On the surface, meditation and self-healing seems too simplistic – a form of magical thinking. Really, how can sitting in stillness transform our minds and hearts? We can’t dare imagine that we could heal ourselves through meditation, that we have within ourselves the capacity and the ability to diminish our own suffering. It requires the marvelous elixir of time and patience and, for many of us, these two ingredients are in short supply.
Our Western-trained minds have been so long fixated on progress and industriousness that we have forgotten that it is this same mind that has created all of these physical manifestations around us. Secular and Theological thinkers have identified our spiritual need for catharsis, that exploration of humanity through art, imagination, reflection and imitation.
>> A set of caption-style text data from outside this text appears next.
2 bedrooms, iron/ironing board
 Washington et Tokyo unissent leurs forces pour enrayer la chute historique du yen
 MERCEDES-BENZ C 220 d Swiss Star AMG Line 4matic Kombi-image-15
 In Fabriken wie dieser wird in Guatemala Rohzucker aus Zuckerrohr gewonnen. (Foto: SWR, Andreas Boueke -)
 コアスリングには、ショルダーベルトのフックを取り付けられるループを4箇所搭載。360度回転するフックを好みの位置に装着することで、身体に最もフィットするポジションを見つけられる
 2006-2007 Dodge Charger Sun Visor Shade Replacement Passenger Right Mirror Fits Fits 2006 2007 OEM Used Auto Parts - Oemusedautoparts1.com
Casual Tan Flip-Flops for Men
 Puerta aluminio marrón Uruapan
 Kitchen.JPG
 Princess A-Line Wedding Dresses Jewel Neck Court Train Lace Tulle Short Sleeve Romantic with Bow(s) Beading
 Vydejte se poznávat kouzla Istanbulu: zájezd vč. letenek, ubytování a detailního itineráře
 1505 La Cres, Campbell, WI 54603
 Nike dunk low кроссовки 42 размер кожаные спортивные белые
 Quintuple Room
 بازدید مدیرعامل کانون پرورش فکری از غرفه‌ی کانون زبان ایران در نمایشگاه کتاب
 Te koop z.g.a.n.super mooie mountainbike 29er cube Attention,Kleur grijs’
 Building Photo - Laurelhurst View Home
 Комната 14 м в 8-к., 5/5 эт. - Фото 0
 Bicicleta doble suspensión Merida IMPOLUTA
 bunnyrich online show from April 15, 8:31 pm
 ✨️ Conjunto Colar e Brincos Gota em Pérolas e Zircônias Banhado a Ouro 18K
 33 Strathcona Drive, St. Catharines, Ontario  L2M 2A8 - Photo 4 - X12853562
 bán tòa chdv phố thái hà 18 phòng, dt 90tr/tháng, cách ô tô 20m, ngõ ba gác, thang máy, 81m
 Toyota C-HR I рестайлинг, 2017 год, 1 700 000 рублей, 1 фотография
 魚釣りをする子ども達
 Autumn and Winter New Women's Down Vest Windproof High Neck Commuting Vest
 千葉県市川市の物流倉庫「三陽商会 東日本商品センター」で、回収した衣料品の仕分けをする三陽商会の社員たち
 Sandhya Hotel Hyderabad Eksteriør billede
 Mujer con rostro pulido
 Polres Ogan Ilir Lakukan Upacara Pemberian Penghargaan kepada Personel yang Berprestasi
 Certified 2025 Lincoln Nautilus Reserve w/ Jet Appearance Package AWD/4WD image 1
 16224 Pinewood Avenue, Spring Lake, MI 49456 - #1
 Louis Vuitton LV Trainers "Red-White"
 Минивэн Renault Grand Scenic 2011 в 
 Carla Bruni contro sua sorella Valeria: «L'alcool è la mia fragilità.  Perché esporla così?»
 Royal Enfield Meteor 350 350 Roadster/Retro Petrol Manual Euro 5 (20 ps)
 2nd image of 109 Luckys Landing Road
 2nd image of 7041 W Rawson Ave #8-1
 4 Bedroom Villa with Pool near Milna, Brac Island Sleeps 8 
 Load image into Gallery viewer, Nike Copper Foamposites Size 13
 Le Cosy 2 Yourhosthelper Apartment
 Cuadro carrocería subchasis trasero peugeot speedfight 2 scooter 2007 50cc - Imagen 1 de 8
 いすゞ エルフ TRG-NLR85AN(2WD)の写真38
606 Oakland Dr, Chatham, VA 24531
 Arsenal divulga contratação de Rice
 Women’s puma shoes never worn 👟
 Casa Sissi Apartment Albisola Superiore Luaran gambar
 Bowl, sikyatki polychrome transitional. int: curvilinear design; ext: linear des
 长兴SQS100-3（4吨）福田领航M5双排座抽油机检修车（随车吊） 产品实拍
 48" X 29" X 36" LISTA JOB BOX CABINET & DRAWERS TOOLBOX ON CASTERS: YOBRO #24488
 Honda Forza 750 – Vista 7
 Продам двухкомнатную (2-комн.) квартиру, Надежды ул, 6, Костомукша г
Nevertheless just as the world has grown and been transformed by the Agrarian, Industrial, Digital and Democratic Revolutions, the heart’s need for compassion has only grown and the mind’s need for rest has increased tenfold. Many of us find ourselves on the run, moving with the pace of technology, trying not to be left behind. Even those of us who choose to reject the pace of the digital world find ourselves alienated and sometimes disconnected.
Moving from one busy moment to another, we make appointments to see friends rather than dropping in, we text instead of hugging, constantly moving like some wild beast is on our back and we collapse into the night wondering where did the day go, wake in the middle of the night too stimulated to rest, too tired to be awake. Looking for a solution, we rush all around, never fully settled in our bodies and hearts. It is often not until we are suffering in the physical/spiritual/emotional body that we seek help.
This is precisely the moment to invite a new consciousness into our heart and mental sphere, through meditation, which really is about deep attention and compassionate listening from the inside. Listening with the body/heart, feeling the sensations of the beating heart and the flowing circulatory system that we begin to come to acknowledge as our unique self.
To rest or to meditate may seem too simplistic to our mind, however it is about educating ourselves and our communities, about the true intelligence of the human mind and body, relearning our truest nature. Waking up to the present and being fully enveloped in the in miraculous vibration of the body system, facing all of the discomfort in order to leave no room for fear and anxiety to fester.
It requires unlearning the idea that our health is linear, instead understanding that it is circular, and that the mind is not at all separate from the body and the heart.
It requires carving out a practice of stillness that is unmoved by the busy world and its sirens.
It requires us to develop a relationship of radical acceptance for our self and for those around us.
This is our moment , where science, modernity and ancient culture have converged to create a brilliant opportunity to expand our consciousness and to reconnect with our universal ancient wisdom to breathe, to touch, to love, to listen, to reflect, to be still, to be interconnected and to accept that healing is inherent to our nature.